Large organizations often contract with commercial data storage facilities to handle their backups. The storage facility maintains temperature-controlled rooms to extend the life of backup media. They may also operate trucks that deliver and pick up the backup media so that the off-site backup remains relatively current.
For small organizations, it's not unheard of for an IT staff member to take backups home for safekeeping. This probably isn't the best strategy, given that the backup may not be accessible when needed. Some use bank safe deposit boxes for offsite storage, although those generally are only accessible during normal business hours. If a small organization needs 24/7 access to off-site backup copies, the expense of using a commercial facility may be justified.
When a disaster occurs, an organization needs to be up and running as quickly as possible. If the server room and its machines are damaged, there must be some other way to obtain hardware. Small organizations can simply purchase new equipment, but they must have a plan for where the new hardware will be located and how network connections will be obtained.
Large organizations often contract with hot sites, businesses that provide hardware that can run the organization's software.
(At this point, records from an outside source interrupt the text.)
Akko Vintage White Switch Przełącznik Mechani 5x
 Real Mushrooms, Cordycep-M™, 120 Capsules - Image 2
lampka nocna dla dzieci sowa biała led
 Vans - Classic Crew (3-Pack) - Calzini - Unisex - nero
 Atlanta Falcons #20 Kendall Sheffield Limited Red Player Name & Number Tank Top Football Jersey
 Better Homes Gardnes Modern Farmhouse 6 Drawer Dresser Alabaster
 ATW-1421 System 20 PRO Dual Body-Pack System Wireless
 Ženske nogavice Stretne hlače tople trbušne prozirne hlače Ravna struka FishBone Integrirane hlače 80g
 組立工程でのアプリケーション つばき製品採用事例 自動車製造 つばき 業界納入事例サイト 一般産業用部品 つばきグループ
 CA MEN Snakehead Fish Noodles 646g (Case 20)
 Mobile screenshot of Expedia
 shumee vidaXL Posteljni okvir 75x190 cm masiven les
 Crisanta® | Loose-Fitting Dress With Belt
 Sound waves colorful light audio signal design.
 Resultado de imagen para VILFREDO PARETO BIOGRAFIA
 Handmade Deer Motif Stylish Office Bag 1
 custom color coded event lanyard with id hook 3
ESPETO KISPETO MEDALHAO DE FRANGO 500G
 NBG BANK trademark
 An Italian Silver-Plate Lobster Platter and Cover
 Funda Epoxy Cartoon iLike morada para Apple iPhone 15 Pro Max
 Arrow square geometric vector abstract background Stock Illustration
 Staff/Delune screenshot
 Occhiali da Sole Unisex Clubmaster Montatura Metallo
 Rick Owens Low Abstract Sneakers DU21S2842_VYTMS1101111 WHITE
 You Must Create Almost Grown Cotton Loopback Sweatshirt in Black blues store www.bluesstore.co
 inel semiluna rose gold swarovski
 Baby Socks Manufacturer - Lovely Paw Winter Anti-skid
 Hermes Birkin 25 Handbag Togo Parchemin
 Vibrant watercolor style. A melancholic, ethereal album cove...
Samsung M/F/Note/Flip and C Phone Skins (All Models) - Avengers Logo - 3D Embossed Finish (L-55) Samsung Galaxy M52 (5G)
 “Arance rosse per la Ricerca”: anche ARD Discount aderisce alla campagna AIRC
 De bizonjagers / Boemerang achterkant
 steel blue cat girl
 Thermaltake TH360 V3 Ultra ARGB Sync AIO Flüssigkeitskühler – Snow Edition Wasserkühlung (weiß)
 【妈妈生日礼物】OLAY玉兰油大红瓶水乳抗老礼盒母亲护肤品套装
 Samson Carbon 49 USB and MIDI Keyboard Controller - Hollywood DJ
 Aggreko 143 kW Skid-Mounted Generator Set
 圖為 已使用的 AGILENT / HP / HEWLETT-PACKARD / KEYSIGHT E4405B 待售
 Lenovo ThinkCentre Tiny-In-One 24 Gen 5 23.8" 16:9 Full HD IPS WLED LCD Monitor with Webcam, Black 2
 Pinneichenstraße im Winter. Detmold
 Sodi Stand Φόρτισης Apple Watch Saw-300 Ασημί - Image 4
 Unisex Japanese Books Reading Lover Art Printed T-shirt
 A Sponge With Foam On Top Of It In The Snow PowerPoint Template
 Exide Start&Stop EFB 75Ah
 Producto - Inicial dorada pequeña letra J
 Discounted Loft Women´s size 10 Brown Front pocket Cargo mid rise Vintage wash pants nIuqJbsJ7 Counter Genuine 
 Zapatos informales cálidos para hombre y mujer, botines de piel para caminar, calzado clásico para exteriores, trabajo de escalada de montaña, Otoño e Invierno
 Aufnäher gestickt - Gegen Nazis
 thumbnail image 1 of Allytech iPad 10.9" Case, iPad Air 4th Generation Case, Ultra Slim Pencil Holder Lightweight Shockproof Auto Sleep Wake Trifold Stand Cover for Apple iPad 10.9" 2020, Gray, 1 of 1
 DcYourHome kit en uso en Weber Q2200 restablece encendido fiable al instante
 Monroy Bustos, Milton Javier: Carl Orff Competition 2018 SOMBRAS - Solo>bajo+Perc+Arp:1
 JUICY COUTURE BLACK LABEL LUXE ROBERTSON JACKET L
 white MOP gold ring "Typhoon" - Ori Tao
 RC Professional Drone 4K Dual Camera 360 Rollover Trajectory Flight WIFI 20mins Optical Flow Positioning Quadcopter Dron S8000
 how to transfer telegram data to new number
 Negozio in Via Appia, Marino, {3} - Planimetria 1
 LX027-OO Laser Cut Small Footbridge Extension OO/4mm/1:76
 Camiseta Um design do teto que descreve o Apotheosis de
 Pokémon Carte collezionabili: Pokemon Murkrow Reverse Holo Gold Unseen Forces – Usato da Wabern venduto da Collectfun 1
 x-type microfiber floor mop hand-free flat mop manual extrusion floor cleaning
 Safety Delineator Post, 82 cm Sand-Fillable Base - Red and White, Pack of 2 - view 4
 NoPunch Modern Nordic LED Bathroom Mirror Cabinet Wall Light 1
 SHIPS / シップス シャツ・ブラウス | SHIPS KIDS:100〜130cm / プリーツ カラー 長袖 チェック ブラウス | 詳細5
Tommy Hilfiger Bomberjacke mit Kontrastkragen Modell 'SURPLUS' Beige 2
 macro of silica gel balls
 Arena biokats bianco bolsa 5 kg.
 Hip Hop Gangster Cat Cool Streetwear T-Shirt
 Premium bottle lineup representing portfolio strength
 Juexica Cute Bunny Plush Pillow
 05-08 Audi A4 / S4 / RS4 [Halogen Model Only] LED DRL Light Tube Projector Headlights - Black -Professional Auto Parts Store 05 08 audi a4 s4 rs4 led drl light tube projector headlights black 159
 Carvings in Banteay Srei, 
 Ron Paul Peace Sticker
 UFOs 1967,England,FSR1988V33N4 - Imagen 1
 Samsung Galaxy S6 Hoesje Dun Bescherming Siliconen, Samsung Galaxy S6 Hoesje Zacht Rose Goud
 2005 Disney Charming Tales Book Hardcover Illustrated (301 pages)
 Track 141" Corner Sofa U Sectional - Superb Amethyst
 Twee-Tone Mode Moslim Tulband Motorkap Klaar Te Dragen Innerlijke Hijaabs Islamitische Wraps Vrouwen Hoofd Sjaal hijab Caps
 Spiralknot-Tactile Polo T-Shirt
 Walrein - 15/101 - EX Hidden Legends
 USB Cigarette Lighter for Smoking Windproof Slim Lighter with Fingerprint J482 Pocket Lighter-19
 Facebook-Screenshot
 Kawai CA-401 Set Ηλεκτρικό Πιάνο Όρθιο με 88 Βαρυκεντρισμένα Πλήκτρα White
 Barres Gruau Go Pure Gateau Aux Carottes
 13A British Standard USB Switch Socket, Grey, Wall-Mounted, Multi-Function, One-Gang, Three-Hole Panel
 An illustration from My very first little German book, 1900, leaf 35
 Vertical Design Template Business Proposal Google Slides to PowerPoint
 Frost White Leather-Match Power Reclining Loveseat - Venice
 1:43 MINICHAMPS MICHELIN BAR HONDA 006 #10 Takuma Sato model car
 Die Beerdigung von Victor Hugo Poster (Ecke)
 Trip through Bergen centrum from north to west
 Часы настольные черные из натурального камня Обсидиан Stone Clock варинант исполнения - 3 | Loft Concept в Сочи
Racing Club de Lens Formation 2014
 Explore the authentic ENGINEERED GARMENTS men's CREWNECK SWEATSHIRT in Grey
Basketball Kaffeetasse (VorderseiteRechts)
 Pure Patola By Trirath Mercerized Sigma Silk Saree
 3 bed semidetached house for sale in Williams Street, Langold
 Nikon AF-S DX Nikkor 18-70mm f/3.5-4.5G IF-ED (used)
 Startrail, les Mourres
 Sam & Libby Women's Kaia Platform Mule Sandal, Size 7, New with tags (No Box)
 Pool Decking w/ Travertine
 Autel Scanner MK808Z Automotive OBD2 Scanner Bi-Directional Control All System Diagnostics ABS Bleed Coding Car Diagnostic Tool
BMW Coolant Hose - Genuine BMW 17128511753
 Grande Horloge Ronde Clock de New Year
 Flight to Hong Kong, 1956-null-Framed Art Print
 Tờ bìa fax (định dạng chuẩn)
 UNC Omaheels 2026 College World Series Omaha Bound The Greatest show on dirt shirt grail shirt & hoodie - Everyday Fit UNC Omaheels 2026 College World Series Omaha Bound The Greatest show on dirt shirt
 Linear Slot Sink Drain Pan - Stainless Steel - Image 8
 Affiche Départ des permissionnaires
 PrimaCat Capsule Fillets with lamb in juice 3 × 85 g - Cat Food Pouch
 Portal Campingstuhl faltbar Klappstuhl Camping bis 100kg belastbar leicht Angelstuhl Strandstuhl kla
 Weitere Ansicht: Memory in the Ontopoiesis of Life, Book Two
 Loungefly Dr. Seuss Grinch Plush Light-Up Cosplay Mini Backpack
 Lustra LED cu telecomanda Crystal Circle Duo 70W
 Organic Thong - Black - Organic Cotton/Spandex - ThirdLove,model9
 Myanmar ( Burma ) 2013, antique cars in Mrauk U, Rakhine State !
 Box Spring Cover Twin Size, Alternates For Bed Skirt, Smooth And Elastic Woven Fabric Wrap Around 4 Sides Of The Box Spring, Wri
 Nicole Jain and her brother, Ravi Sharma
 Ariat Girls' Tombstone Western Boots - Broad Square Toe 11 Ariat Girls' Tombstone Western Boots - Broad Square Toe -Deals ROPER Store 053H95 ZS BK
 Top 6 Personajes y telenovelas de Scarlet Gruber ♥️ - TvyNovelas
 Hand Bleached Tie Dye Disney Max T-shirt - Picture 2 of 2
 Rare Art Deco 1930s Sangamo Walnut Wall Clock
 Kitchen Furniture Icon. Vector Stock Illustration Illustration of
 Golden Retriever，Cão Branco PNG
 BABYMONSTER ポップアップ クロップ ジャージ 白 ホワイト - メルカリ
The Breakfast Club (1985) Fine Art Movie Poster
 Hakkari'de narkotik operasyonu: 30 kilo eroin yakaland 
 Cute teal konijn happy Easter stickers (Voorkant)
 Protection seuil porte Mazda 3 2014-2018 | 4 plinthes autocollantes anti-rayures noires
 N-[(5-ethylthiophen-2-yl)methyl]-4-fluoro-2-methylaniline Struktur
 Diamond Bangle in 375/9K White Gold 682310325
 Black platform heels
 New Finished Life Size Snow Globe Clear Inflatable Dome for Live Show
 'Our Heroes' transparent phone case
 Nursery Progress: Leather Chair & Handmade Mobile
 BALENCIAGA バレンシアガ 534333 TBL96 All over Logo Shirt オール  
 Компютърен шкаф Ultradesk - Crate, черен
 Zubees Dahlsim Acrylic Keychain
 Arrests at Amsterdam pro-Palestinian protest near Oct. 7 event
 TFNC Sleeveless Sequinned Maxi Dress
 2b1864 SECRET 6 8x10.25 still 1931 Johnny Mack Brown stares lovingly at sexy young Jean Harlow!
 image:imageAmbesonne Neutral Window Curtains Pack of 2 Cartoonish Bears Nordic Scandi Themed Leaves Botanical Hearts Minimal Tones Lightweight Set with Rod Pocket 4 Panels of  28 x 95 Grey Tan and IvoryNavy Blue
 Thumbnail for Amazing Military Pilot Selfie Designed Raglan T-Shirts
Hot sites store backup copies and guarantee that they can have the organization's applications up and running in a specified amount of time.
Once a disaster recovery plan has been written, it must be tested. Organizations need to run a variety of disaster recovery drills, simulating a range of system failures. It is not unusual to discover that what appears to be a good plan on paper doesn't work in practice. The plan needs to be modified as needed to ensure that the organization can recover its information systems should a disaster occur.